PHUKET CAREERS: Happier in academia
PHUKET: Oraphan Leenithikul, lecturer in International Business at Prince of Songkla University, Phuket Campus, sits back, smiles and says she is happy at her work.
Friday 5 August 2011, 09:04AM
As Head of the International Business Department in the Faculty of International Studies, she says there is quite a bit of teaching to do but the work does not bring with it the pressures that her previous commercial marketing work demanded. So Ms Oraphan is glad that she took up this appointment some two years ago.
A former student of Satree Phuket High School, she went on to graduate with an English degree from Thammasart University before coming home to Phuket to work in marketing.
To further her studies, Ms Orapan undertook a year-long masters degree in marketing at Aston University in Birmingham in the UK. She loved the cold weather there and found the challenge of coming to grips a different culture and way of life stimulating.
Ms Oraphan then went to Beijing for a year to learn Chinese, which comes in very handy now in her work, as the university has strong exchange links with many universities in China.
She found that it took some adjusting to the abrupt and efficient ways of the Chinese.
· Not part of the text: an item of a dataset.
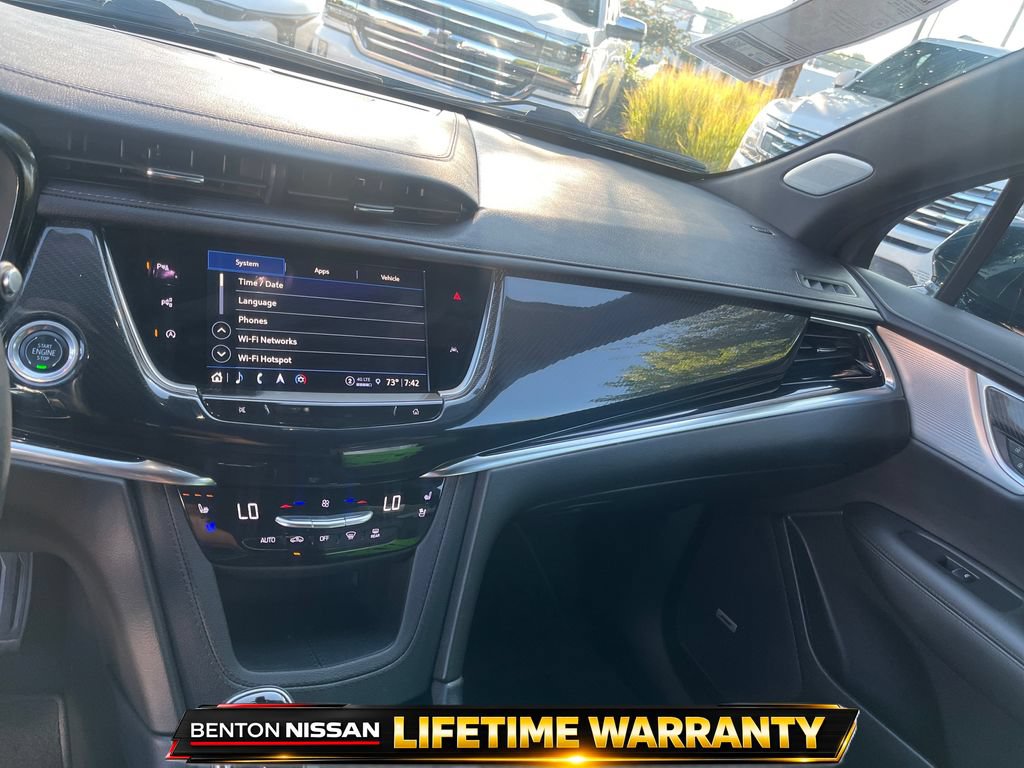 Used 2024 Cadillac XT6 Sport w/ Technology Package AWD/4WD image 16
But after that hurdle was crossed, she says, she enjoyed her stay.
She returned home again but this time she found the deadlines and the pressures to perform and achieve results wearing. It also became boring.
Now she teaches, at a much gentler pace, some of the 400 students who are learning international studies, which are taught in English. The classes are small enough that she can form close relationships with her students.
The course lasts three and a half years and students have a chance every summer to go to spend some study time at universities in China. In the final degree year, the stay as long as six months.
There is an active Chinese Studies faculty and Chinese is taught at Prince of Songkhla by visiting Chinese teachers.
“One’s working life is freer as a lecturer. There are syllabus guidelines to follow but within those bounds, lecturers are free to work in their own way,” she explains.